Forza Italia è quella che ha più carte da giocare: essere stata fuori dalla giunta Toti a questo punto diventa un vantaggio anche d’immagine. Il nome più forte è quello del sindaco uscente di Rapallo Carlo Bagnasco, che a giugno terminerà il suo secondo mandato nella cittadina del Levante. Ma si parla anche di Marco Scajola, nipote di Claudio, attuale assessore regionale all’Urbanistica: ufficialmente fa parte della lista civica di Toti, ma da tempo è in rotta di riavvicinamento a Forza Italia e dalla sua ha la totale estraneità alle indagini in corso.

Nel centrosinistra la situazione è meno ingarbugliata. L’ex ministro Pd Andrea Orlando da tempo è in campo, anche prima delle inchieste. E ieri ha ribadito di essere «a disposizione» del fronte di centrosinistra, pur senza sgomitare. «Occorre costruire un comitato di liberazione per la Liguria», ha spiegato in un’intervista. Il suo obiettivo è costruire una coalizione molto ampia, dalla sinistra fino ai centristi di Azione e Iv con il M5S. Calenda potrebbe essere della partita, sui renziani nessuno scommette.

Conte, che ieri a Genova ha partecipato a una manifestazione di vari comitati contro le infrastrutture «calate dall’alto» (è stato contestato da un gruppo di portuali, ma ha fatto buon viso: «Un dibattito vivace è meglio della rassegnazione») ha ribadito che il M5S «non parte mai per rivendicare un orgoglioso isolamento, è chiaro che bisogna dialogare con le forze civiche e politiche progressiste che si predispongono a voltare pagina rispetto alla malapolitica». Sull’ipotesi Orlando non ha chiuso: «Non partiamo dai nomi ma dai progetti».

L’uomo forte dei 5s in Liguria, il senatore Luca Pirondini, vorrebbe ripetere lo schema Todde, lanciando l’eurodeputata uscente Tiziana Beghin, che però ha già fatto due mandati a Bruxelles. Se i tempi delle urne dovessero precipitare non è escluso che si possa costruire un ticket con Orlando.
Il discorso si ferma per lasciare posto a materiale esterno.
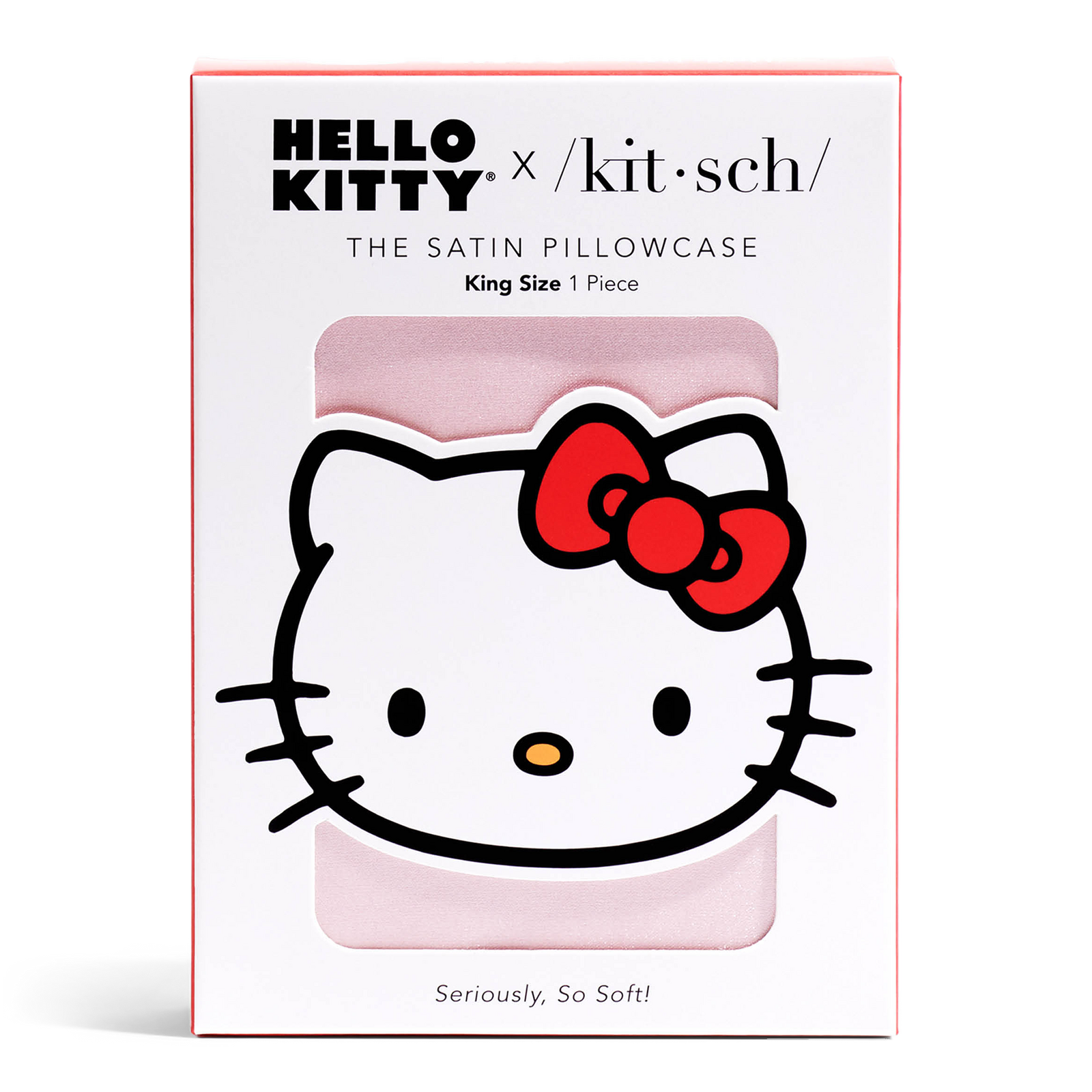 Hello Kitty x Kitsch King Pillowcase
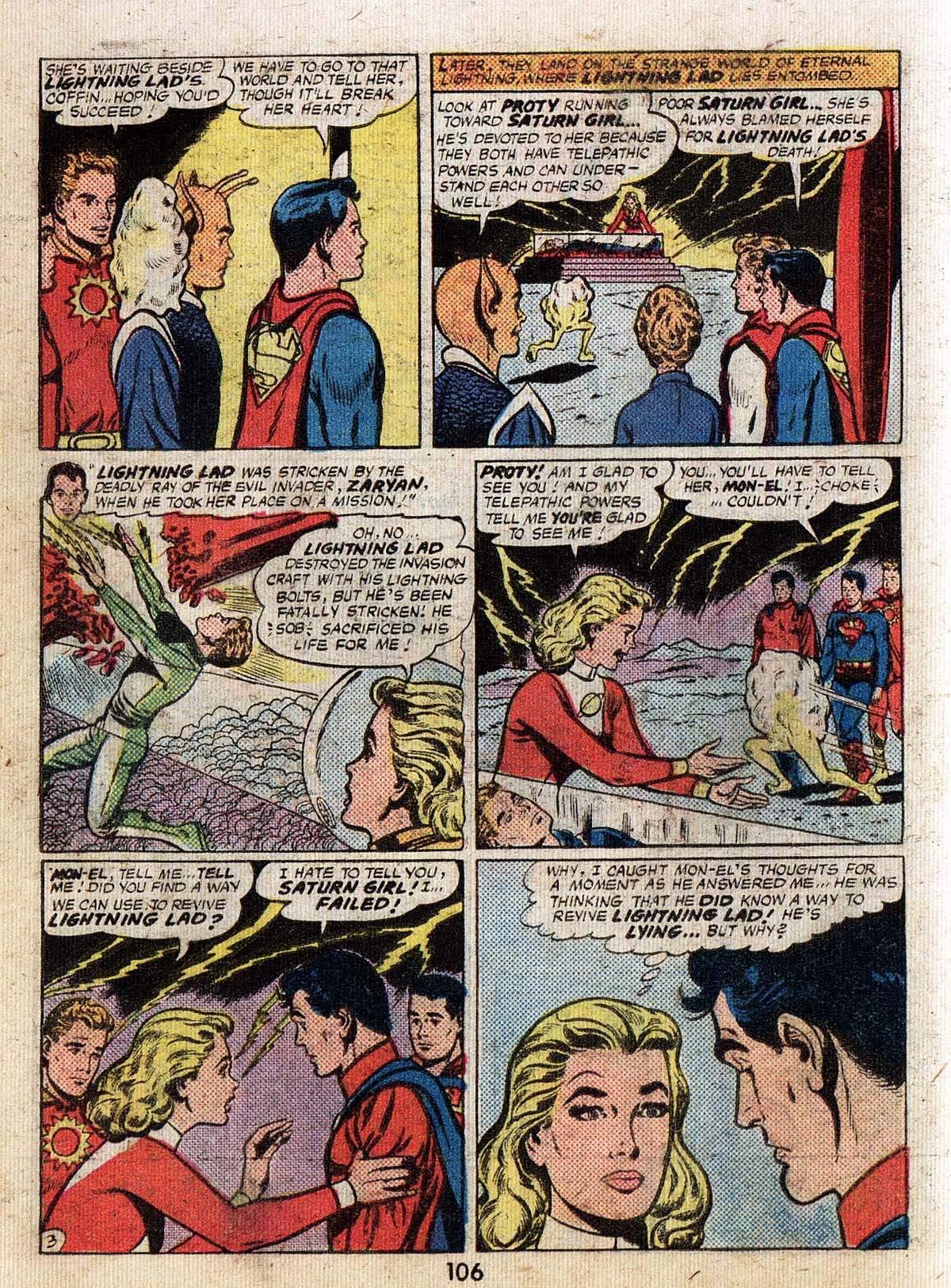 Read online Adventure Comics (1938) comic -  Issue #500 - 106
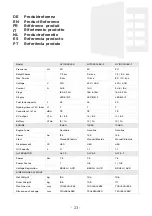 Preview for 24 page of Hyundai power products HY3100L User Manual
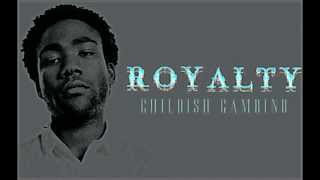 Childish Gambino  Royalty Full Mixtape Album [upl. by Cully]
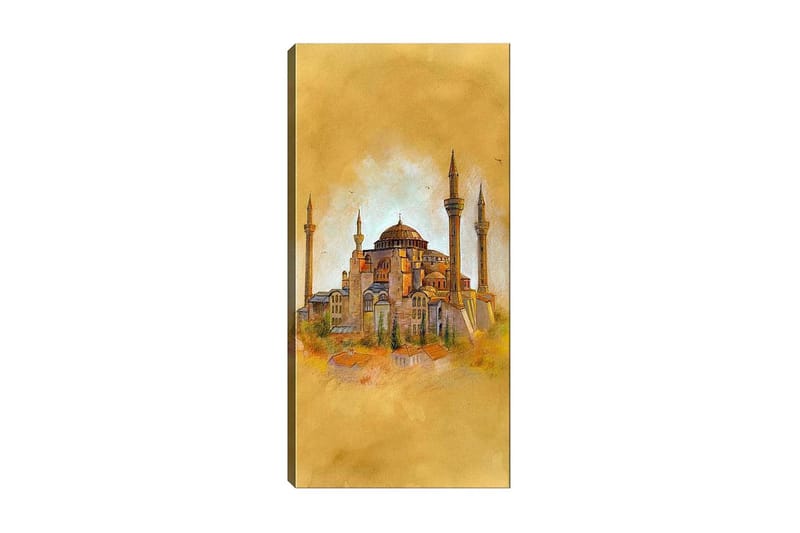 CANVASTAVLA DKY Cities & Countries Flerfärgad 50x120 cm - Inredning & dekor - Tavlor & konst - Canvastavla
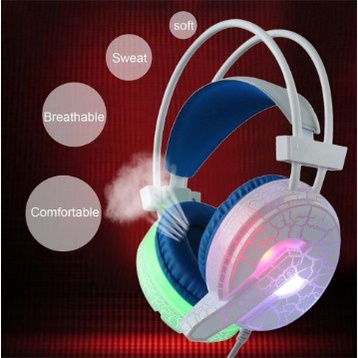 Headphone Gaming H6/ PC Gaming Stereo Headphone For PC/MAC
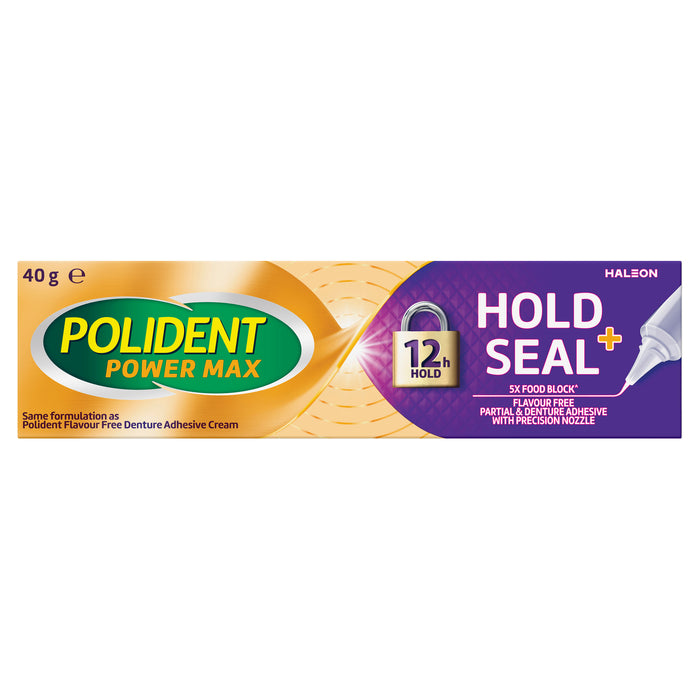 Polident Adhesive Cream Max Seal 40g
A sinistra tra i papabili c’è anche Luca Pastorino, candidato nel 2015 alle regionali contro la dem Raffaella Paita, sindaco di Bogliasco, deputato eletto nel 2022 come indipendente di centrosinistra nel collegio uninominale di Genova Levante e rientrato nel Pd dopo l’elezione di Schlein (entrambi hanno fatto parte della corrente di Giuseppe Civati). La rosa è molto ristretta e non c’è dubbio che Orlando sia per ora nettamente in pole position.